SAN JOSE, Calif. -- I've attended TSMC's Technology Symposiums for many years.
Like past years, Taiwan Semiconductor Manufacturing Co. Ltd. (TSMC) presented a dizzying array of technology and new processes at this year's event. It presented new roadmaps in CMOS processes, analog, MEMS, RF and other areas. Here were the surprises and my observations at the one-day event:
1. Morris Chang. Last year, Chang, 79, regained the CEO title at TSMC. He's running the ship amid a chaotic time in the IC industry. But during a keynote this week, Chang seemed as vibrant and feisty as he was when I first met him in the early 1990s. More importantly, he seems to have restored customer confidence after the company experienced a snafu at the 40-nm node. And with Chang at the helm, the company is far more aggressive in terms of capital spending, R&D and hiring. In fact, Chang said TSMC will expand its workforce from 25,000 today to 29,000 by year's end.
Simply put, TSMC is back on track--much to the chagrin of its rivals.
2. We want capacity! During the keynote, Chang on several occasions said that the company is expanding its fab capacity. Why? The company has been sold out of fab capacity for some time and customers are screaming for more capacity. But my feeling is that TSMC is still being careful about its capacity expansion plans.

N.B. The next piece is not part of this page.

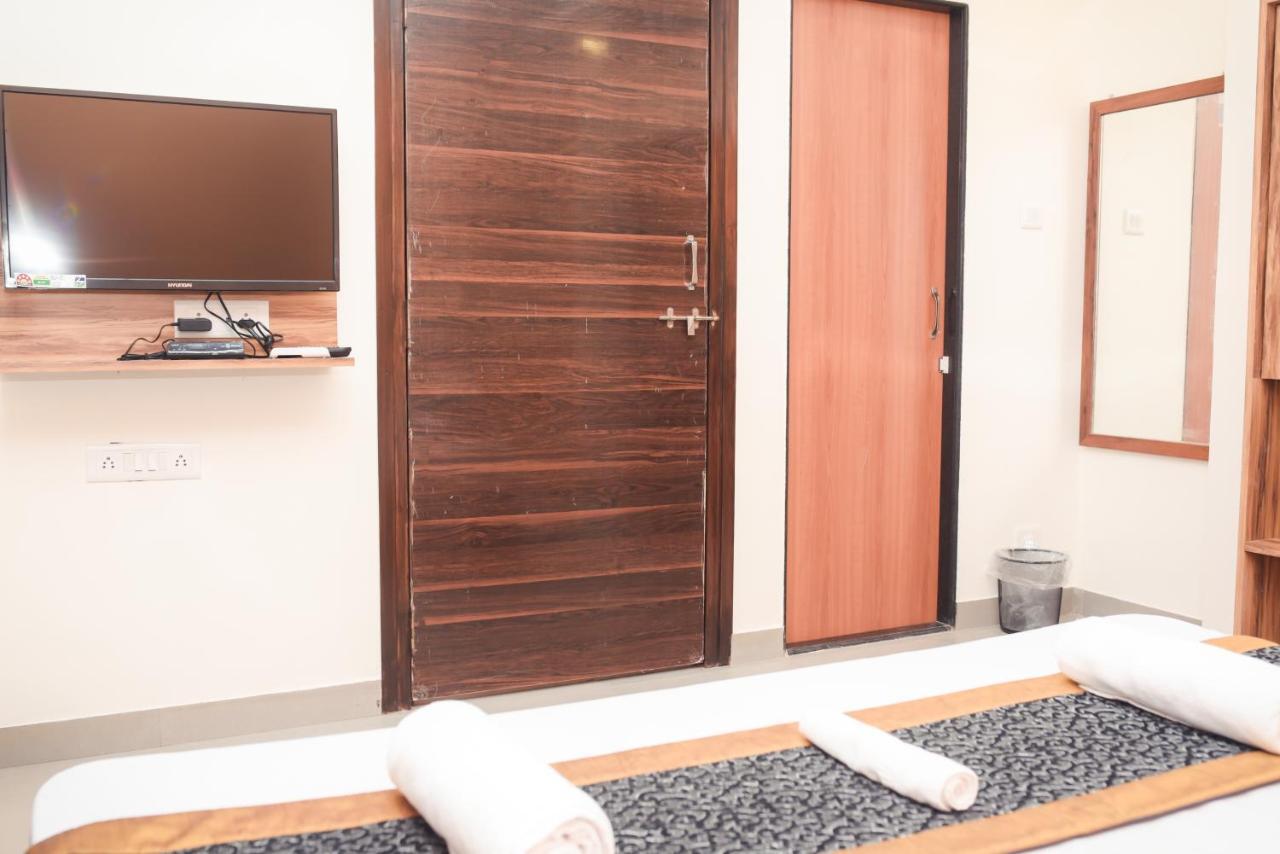 Lotus Hotel Nagaon Beach Alibág Kültér fotó
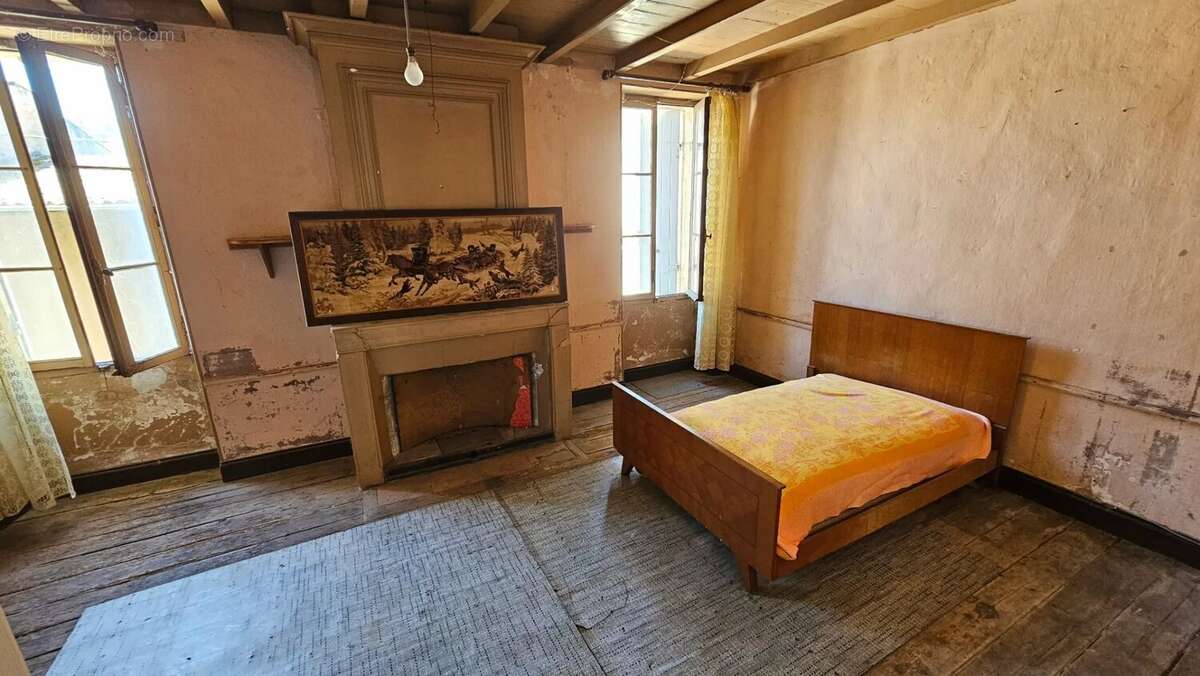 Appartement à ETAULIERS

Last year, margins were relatively lousy amid the IC downturn. This year, it is enjoying the boom cycle--and margins. So why spoil the party? On the other hand, TSMC has some new competitors--all of which would love to take same business away from the foundry king.
3. Nerves of steel. TSMC has always been a confident company. Almost too cocky. And a little arrogant at times, which is not a bad trait if you're the best in the business. In the past, though, it never really respected its competitors. I remember when it even dismissed IBM and Samsung.
To me, there is a new sense of uneasiness at TSMC: It is finally taking notice of the competition. In fact, there is a new sense of respect for the competitors at TSMC. GlobalFoundries has emerged and Samsung is finally serious about the foundry business.
In recent times, TSMC left its rivals in the dust. However, TSMC stumbled at the 40-nm node with lackluster yields. It was a humbling experience. Now, the company has some real competition. Let the battle begin.